Activity ▸ For this exercise, an exact copy is needed of only the lines from the one containing "Pārsvarīgi krievi. Ražīgā" through the end of the data, with pictures left out.

[[ Supplied material open ]]

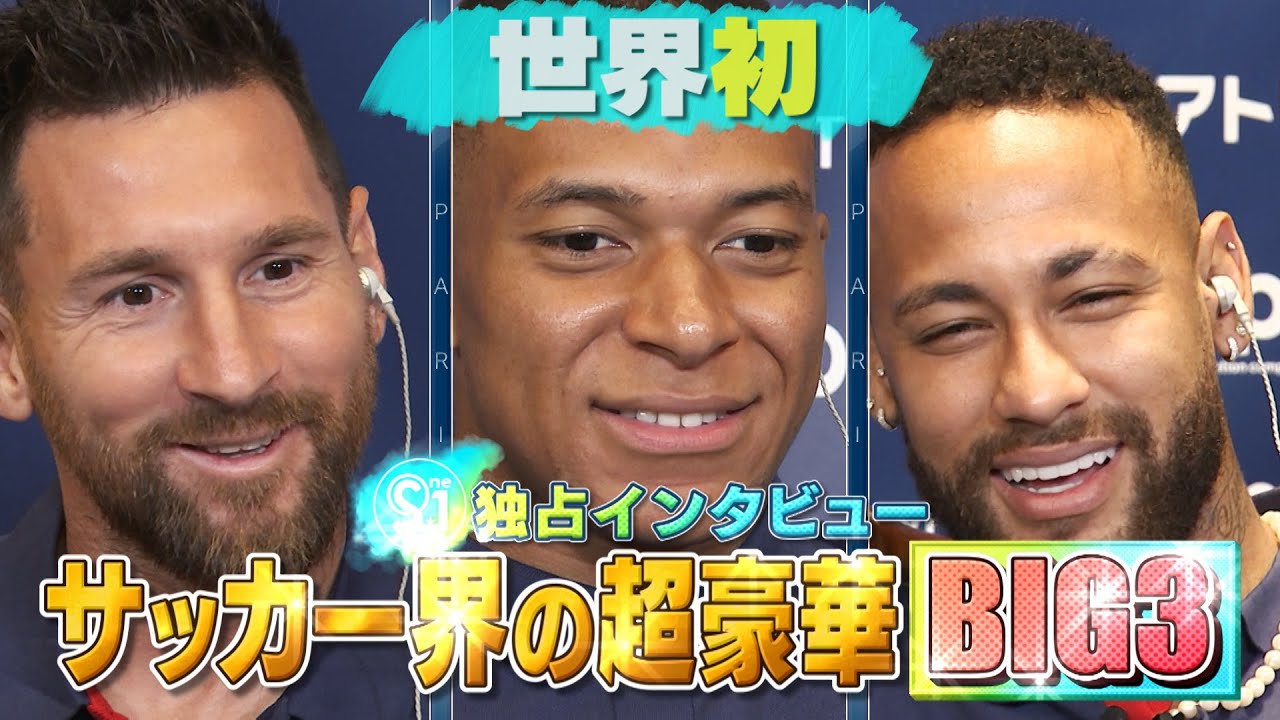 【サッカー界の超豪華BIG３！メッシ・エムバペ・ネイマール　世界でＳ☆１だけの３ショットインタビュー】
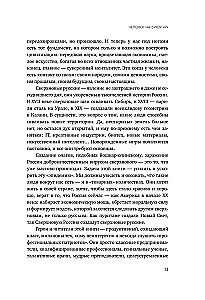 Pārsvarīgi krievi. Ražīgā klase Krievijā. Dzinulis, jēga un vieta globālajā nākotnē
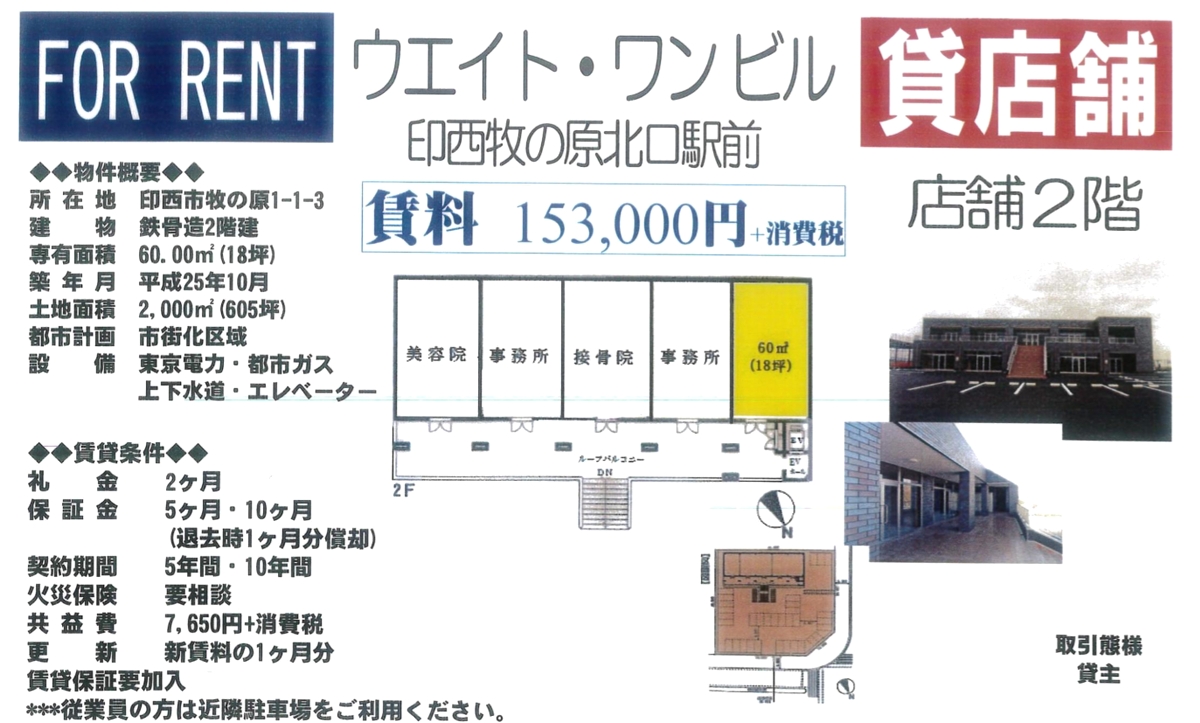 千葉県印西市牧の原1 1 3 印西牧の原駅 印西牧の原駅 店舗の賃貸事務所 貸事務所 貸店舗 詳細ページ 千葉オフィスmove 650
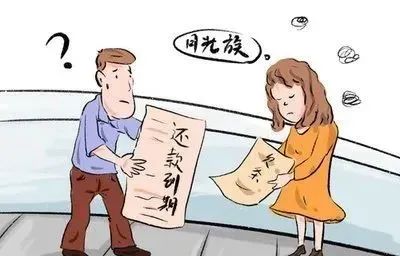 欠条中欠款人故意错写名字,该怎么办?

[[ Supplied material closed ]]

Result of this exercise ▸
 Pārsvarīgi krievi. Ražīgā klase Krievijā. Dzinulis, jēga un vieta globālajā nākotnē
 千葉県印西市牧の原1 1 3 印西牧の原駅 印西牧の原駅 店舗の賃貸事務所 貸事務所 貸店舗 詳細ページ 千葉オフィスmove 650
 欠条中欠款人故意错写名字,该怎么办?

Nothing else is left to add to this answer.